Sunday, April 9, 2017

Homily for Palm Sunday

Homily for
Palm Sunday
April 9, 2017
Matt 21: 1-11
Phil 2: 6-11
Holy Cross, Champaign, Ill.                                       

“The master has need of them” (Matt 21: 3).
Christ Enters Jerusalem
Pietro Lorenzetti (fresco, Assisi)
It’s reported that St. John Vianney, the holy curé of Ars, France, once said, “If Samson could slay 1,000 Philistines with the jawbone of an ass, imagine what the Lord can do with a complete ass”—referring to himself, famously inept as a student in the seminary, but the Lord’s instrument for forgiving sinners who for years and years in the mid-19th century flocked to him to confess, as many as 300 penitents a day coming to his out-of-the-way country parish, and he spent as much as 16 hours a day in the confessional for most of the last 30 years of his life!  (Some of you are old enuf to remember the old confessionals, which were very uncomfortable to sit in for 1 hours, let alone 16—and in the curé’s case, without heat in the winter or a/c in the summer.)

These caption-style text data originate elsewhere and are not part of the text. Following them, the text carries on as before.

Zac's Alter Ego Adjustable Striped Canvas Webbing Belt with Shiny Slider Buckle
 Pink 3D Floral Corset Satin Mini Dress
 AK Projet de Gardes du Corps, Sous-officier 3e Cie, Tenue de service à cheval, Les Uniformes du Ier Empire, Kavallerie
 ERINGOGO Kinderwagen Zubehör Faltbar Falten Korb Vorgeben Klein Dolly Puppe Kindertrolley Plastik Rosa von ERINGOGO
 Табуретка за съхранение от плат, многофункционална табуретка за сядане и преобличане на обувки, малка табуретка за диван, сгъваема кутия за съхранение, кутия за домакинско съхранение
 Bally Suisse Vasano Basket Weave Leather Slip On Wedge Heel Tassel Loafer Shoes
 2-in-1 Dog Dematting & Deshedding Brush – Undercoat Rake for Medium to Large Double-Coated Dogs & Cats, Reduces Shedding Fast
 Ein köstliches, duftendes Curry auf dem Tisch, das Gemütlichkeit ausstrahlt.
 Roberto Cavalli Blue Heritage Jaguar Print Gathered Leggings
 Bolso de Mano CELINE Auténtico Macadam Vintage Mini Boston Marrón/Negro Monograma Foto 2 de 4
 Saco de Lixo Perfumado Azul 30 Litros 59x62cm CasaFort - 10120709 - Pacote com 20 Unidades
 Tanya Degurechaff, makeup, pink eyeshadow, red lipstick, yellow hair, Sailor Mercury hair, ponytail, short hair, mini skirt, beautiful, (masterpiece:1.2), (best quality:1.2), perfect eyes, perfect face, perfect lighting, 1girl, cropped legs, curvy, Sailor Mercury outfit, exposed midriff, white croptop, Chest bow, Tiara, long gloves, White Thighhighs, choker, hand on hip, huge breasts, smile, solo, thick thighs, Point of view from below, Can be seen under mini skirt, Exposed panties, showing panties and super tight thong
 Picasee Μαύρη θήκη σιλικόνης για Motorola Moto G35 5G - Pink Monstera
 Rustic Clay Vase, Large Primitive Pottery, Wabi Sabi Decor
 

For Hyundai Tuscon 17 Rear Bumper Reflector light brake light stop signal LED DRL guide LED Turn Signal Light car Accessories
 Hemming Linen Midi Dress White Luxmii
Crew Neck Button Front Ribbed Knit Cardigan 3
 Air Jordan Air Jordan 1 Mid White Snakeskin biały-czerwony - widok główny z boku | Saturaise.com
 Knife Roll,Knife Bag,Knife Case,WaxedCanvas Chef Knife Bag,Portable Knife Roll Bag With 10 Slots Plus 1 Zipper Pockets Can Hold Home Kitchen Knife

Assuredly, St. John Vianney was no ass, complete or incomplete, but a priest filled with the simple wisdom of our Lord.

But in the 1st gospel for today, that of the Lord’s triumphal entry of Jerusalem, he sends 2 of his disciples to fetch an ass and its colt with the message to their owner, “The master has need of them.”

Reflect on that for a moment:  Jesus needed a donkey to enter Jerusalem.  He had to ask some friend of his—we assume the ass’s owner was a friend—for a little help.  Just as the Son of God humbly descended from heaven, taking on our human flesh with all its weaknesses, its limitations, its sufferings, as St. Paul writes today (Phil 2:7), he chose also to be dependent on the help of other human beings.  He needed to borrow a donkey for this phase of his divine mission.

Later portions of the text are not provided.